Just examples of other cultures methods of measuring temperature. Also would be interesting to know how celsius became the standard for nearly every country (except that one).
Thanks!
The change between other measurements to using Celsius or Fahrenheit wasn't like the change from Fahrenheit to Celsius (or miles to kilometers), it wasn't a matter of people all having one pretty good standard and switching to another standard. In the 16 and 17 hundreds there were several different competing scales and no real standardization. You have to remember that at this time scientists were exploring the concept of temperature, ordinary people weren't using temperature in their daily lives. Indeed, in the early years you couldn't even buy a thermometer, you had to make one.

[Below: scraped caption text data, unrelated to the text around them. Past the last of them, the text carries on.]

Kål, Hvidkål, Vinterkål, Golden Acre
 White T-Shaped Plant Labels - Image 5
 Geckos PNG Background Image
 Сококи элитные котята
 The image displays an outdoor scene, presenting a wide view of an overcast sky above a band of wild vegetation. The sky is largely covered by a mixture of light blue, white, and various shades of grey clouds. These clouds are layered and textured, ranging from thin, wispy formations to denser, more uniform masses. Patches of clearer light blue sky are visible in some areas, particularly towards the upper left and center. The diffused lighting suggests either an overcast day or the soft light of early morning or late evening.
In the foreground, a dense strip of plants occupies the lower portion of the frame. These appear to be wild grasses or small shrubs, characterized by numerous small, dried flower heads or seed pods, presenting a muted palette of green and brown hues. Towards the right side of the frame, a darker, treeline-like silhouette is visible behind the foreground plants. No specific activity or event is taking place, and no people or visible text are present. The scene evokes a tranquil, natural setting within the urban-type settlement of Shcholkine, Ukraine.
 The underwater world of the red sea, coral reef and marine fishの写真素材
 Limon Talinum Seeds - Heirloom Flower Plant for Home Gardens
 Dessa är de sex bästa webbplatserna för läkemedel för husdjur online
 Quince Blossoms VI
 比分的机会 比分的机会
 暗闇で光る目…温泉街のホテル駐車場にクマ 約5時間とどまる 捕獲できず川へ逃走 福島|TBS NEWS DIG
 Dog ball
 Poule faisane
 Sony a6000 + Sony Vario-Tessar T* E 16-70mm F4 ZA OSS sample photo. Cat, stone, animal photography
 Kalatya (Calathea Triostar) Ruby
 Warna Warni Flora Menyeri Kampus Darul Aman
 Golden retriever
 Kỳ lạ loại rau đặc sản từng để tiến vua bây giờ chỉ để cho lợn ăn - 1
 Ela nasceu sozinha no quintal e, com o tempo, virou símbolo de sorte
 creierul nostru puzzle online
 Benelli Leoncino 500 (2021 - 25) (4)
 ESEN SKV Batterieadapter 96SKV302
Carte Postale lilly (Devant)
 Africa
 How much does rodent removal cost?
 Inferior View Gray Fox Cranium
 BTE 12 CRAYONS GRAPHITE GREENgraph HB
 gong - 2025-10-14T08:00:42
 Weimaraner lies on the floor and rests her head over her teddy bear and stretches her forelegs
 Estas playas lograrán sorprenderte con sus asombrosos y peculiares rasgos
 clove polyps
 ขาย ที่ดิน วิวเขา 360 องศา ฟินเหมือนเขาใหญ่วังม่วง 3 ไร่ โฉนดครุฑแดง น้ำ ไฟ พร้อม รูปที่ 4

There were several competing standards, but in some regards it's better to call them experimental recipes or instructions on how to make thermometers. One of the big problems during this early period was how scientists could reconcile their temperature measurements and experiments with one another, which is how thermometers started becoming popular. One popular scale was the Delisle scale, which used a mercury thermometer and set the boiling point of water at 0 degrees and a fixed scale for the contraction of mercury below that (meaning this scale ran opposite to the ones we're familiar with), later this was recalibrated so that 0 was the boiling point of water and 150 degrees the freezing point. Newton also had a scale, which used the expansion of linseed oil, it fixed 0 degrees as the freezing point of water and 12 degrees as the human body temperature (along with some other measurements such as the melting point of wax in a bath tub, the temperature of iron glowing as brightly as possible, etc.). Then there was the Romer scale, which defined the freezing point of pure water at 7.5 degrees and the boiling point of water at 60 (originally it had been defined with the freezing point of a brine solution at 0).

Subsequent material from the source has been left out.